6. Чистый разум неудержимо стремится к расширению своего знания о мире и в этом стремлении часто пытается вырваться из сферы опыта. Излюбленный его прием — предложить категориям вместо понятий, соответствующих чувственному миру, по отношению к которым они только и применимы, понятия души, Бога, божественного эфира, Абсолюта, Духа и прочего, и дальше оперировать с ними в строгом соответствии с законами логики, создавая соблюдением этих законов иллюзию истинности. Подобную деятельность разума, породившую в свое время не только множество философских систем, но даже специальные псевдонауки — рациональную теологию, рациональную космологию и тому подобное, — Кант называет диалектикой. (Интересно отметить, что его собственная трансцендентальная диалектика есть в сущности учение о том, как избегать диалектики).

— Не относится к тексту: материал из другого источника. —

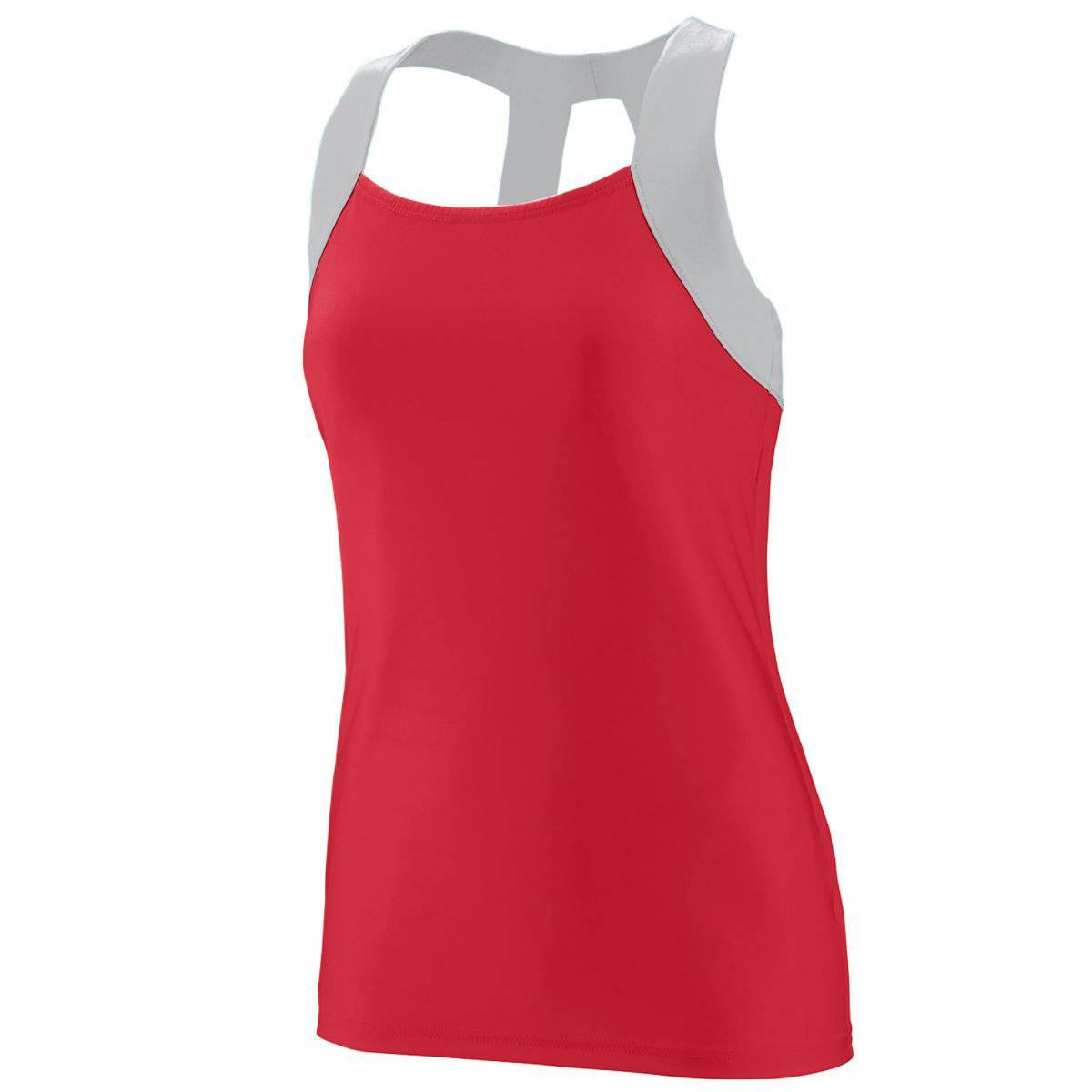 Augusta 1208 Ladies Jazzy Open Back Tank - Red Light Gray - HIT a Double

7. С другой стороны, тот же самый чистый разум, оставаясь в самой природой отпущенных ему границах, то есть в сфере опыта, совершая в нем победоносное шествие, по праву гордясь достижениями наук и презирая пустую схоластику, имея перед собой неисчерпаемые богатства реального мира и безграничное в нем поле деятельности, легко впадает, в конце концов, в обратную иллюзию, будто этот мир явлений и есть единственно подлинный, сам по себе существующий мир, и отказывается замечать не только напрочь выпадающую из него жизнь человеческой души (это еще было бы понятно), но и то, что в глубочайшем основании всех его великолепных построек неизбежно должно лежать нечто просто данное, принятое на веру, загадочная первооснова, перед которой обязаны умолкнуть неугомонные "почему?", "из чего?", "каким образом?", то есть некая граница, про которую он уже не смеет спросить "а что за ней?" (Смущенный в глубине души этим противоречием, он сейчас пытается прикрыть подобные основоположения всех своих знаний фиговым листком бесконечности, не замечая, что бесконечность — такое же демаркационное понятие для познания, как и вещь в себе, только не обладающее всеобщностью последней, и доставляющее ему массу лишних хлопот, например, в деле с квантом, где она никак не применима.)

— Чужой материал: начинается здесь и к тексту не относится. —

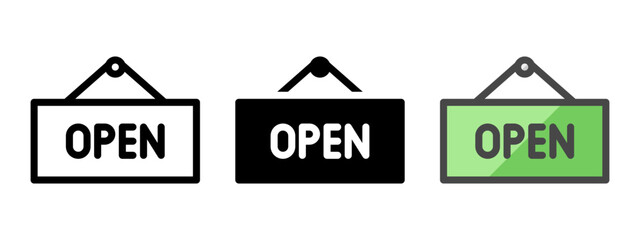 Multipurpose open sign vector icon in outline, glyph, filled outline style. Three icon style variants in one pack.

8. И то, и другое заблуждение коренятся в самой природе разума и приводят в вопросе о целом мироздания к неразрешимым антиномическим противоречиям, а в исторической жизни человечества — к жесткочайшей многовековой борьбе, в которой льются не только чернила, но и кровь, и противоречия эти исчезают лишь тогда, когда мы начинаем мыслить целое как вещь в себе, несовпадающее с предметным миром — миром явлений.
Окинув взглядом эти подытоживающие положения, мы убеждаемся, что весь результат "Критики чистого разума" сводится к негативной пользе, к примирению вековой вражды. Кант и сам придавал ей именно такое значение. "Величайшая и, быть может, единственная польза всякой философии чистого разума только негативна: эта философия служит не органоном для расширения, а дисциплиной для определения границ, и, вместо того, чтобы открывать истину, довольствуется более скромной заслугой: она предохраняет от заблуждений" 6.
Да, скажем мы, — но в каких необъятных, недостижимых ранее пределах! Ведь не ограниченность, не коварство и злокозненность, а лишь неистребимое стремление к истине и самым возвышенным идеалам всегда побуждали разум проникать в горние выси, в мир сверхчувственный. Но попадая туда, вырываясь из сдерживающих границ опыта, он терял ту единственную область, где были применимы его силы и принимался в бесчисленном множестве создавать воздушные замки, населенные призраками и химерами, затоплял все вокруг потоками пустых словосочетаний, да еще гневался, когда их отказывались принимать за реальность. Порождения его делались столь гибкими и растяжимыми, что вдобавок с удобством использовались всякой властью для ее вечных задач подавления всего живого, и зрелище это, естественно, делалось столь невыносимым для всякого свободного и серьезного ума, ложность построений покрывала таким позором его (разума) возвышенные идеалы и самое понятие метафизики, что вопреки всем преследованиям, начиналось столь же неудержимое движение к обратной крайности, к отказу от самого понятия идеальности, к пошлейшему механицизму.